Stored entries
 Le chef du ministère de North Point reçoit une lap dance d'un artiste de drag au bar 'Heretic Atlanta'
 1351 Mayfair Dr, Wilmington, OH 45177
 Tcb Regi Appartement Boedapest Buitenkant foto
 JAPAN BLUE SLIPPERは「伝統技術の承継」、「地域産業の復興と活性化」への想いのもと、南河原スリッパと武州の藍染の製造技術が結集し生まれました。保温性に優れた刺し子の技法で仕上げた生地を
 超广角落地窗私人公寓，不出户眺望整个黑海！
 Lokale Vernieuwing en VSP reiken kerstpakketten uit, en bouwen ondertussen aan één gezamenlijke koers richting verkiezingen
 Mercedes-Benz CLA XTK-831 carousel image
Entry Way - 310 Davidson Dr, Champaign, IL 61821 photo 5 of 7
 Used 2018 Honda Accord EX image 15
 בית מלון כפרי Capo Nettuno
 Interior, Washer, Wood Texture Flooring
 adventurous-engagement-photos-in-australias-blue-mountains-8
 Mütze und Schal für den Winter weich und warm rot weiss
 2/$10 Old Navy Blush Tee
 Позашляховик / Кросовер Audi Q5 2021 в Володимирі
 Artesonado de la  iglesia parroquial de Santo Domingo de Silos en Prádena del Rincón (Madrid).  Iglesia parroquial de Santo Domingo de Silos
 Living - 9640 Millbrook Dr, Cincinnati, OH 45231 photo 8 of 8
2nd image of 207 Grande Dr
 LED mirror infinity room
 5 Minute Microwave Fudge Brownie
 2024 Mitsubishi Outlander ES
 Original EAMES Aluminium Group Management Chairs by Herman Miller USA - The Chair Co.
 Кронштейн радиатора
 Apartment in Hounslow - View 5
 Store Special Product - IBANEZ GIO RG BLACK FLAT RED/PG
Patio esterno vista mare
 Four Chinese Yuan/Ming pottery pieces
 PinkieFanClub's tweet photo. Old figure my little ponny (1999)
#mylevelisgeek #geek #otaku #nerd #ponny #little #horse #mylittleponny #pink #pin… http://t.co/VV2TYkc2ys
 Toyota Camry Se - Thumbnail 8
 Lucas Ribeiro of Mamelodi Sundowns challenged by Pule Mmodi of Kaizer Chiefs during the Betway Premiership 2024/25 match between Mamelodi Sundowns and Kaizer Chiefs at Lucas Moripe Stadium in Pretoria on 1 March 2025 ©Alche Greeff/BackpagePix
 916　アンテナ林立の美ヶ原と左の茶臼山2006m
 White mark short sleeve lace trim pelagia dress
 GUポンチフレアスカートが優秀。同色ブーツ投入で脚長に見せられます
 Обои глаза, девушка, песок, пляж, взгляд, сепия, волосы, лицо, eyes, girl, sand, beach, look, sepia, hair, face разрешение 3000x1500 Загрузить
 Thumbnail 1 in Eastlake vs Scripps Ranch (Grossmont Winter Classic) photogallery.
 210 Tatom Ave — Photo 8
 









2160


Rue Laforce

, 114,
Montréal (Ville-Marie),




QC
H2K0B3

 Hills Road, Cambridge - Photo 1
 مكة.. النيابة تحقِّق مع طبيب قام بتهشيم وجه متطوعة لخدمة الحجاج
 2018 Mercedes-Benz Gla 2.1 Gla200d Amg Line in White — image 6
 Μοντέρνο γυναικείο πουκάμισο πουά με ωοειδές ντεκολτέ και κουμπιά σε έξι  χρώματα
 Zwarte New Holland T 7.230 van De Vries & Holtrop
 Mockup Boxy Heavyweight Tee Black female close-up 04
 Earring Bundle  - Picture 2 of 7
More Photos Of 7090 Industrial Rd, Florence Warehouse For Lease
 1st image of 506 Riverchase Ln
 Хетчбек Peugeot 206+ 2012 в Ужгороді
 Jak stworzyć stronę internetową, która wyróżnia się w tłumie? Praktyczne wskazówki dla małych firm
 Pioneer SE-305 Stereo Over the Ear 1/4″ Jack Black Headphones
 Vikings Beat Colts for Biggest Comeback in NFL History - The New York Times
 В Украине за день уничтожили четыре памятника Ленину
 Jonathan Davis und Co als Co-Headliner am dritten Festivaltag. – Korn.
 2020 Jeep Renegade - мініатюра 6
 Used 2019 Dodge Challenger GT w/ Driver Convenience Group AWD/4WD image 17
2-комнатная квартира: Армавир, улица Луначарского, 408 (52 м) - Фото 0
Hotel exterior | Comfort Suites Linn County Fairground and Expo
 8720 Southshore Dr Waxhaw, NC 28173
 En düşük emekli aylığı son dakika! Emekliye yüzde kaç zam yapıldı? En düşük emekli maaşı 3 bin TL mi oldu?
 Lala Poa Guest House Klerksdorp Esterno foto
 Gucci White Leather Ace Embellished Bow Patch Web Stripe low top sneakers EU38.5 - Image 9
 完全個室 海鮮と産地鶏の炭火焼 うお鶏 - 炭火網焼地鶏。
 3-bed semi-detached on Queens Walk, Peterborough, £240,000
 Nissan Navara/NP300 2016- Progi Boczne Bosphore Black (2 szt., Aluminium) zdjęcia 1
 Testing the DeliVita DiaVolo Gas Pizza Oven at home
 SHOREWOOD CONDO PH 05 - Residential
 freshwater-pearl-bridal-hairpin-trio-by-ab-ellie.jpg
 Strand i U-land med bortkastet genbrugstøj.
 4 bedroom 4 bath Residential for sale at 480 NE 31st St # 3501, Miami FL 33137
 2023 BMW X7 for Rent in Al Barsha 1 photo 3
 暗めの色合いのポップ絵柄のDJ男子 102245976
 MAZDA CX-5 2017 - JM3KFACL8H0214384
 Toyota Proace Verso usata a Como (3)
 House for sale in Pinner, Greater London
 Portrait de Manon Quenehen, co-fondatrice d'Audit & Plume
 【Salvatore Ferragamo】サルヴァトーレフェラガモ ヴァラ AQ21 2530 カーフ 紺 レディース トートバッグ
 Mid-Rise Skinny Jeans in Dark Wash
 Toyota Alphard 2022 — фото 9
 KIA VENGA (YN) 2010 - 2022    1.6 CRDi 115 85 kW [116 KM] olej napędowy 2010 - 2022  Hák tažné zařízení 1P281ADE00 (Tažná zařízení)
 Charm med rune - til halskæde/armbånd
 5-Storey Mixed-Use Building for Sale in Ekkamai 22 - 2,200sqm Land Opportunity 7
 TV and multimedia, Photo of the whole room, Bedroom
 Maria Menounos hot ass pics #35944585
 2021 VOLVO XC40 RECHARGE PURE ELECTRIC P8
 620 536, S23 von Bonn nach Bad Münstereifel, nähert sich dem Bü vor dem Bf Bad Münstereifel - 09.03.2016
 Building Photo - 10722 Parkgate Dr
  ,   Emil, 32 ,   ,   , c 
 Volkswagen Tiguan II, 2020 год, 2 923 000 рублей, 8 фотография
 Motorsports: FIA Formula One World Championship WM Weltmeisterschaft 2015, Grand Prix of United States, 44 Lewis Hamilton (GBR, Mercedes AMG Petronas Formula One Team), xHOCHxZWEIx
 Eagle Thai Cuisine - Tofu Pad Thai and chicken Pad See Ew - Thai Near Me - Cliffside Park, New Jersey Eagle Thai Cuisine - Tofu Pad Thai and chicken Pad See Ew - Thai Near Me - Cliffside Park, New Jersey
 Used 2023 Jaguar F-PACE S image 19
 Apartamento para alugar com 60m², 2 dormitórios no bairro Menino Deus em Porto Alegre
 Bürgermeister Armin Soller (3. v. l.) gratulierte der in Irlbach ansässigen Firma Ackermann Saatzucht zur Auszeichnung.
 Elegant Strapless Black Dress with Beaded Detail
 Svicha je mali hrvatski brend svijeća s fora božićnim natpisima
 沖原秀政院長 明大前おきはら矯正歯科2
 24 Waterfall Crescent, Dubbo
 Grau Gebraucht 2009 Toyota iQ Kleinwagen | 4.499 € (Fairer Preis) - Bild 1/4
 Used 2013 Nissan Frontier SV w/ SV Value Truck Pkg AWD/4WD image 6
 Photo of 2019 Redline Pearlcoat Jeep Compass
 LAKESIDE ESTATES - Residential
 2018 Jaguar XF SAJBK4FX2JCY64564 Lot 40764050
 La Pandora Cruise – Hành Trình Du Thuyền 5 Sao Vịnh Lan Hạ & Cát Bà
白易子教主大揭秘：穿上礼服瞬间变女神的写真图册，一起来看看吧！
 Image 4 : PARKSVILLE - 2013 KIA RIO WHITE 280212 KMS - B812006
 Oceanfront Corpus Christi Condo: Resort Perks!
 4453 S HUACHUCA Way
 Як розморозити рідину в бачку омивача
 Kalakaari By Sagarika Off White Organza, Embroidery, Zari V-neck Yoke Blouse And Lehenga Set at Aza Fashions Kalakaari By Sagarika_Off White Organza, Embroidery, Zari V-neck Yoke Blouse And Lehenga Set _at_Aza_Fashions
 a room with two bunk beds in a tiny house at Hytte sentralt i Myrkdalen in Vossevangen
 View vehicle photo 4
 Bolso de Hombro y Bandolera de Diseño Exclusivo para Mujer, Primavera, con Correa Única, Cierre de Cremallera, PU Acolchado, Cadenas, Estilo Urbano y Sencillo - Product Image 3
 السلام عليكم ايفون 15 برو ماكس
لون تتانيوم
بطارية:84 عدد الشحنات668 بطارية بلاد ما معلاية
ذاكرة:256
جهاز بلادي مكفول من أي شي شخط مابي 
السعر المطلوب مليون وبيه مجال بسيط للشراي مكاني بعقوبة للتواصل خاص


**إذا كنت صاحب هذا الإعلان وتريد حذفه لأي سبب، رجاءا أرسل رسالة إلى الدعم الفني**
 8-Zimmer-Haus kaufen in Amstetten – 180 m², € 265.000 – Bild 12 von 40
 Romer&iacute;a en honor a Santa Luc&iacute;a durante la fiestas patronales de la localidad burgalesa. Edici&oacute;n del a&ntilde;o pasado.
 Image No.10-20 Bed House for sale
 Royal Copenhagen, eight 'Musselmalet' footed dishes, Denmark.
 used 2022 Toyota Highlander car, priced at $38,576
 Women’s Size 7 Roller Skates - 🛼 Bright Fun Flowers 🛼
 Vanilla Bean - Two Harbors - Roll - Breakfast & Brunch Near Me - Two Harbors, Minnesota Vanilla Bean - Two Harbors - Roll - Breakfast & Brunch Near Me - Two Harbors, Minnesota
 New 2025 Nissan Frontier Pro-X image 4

▸ **YOUR OBJECTIVE**: Starting at the line above that contains "Gucci White Leather", write out each line exactly until the line that contains "SHOREWOOD CONDO PH 05 - Residential" has been written, and stop there.

▸ **RESPONSE AREA**:
 Gucci White Leather Ace Embellished Bow Patch Web Stripe low top sneakers EU38.5 - Image 9
 完全個室 海鮮と産地鶏の炭火焼 うお鶏 - 炭火網焼地鶏。
 3-bed semi-detached on Queens Walk, Peterborough, £240,000
 Nissan Navara/NP300 2016- Progi Boczne Bosphore Black (2 szt., Aluminium) zdjęcia 1
 Testing the DeliVita DiaVolo Gas Pizza Oven at home
 SHOREWOOD CONDO PH 05 - Residential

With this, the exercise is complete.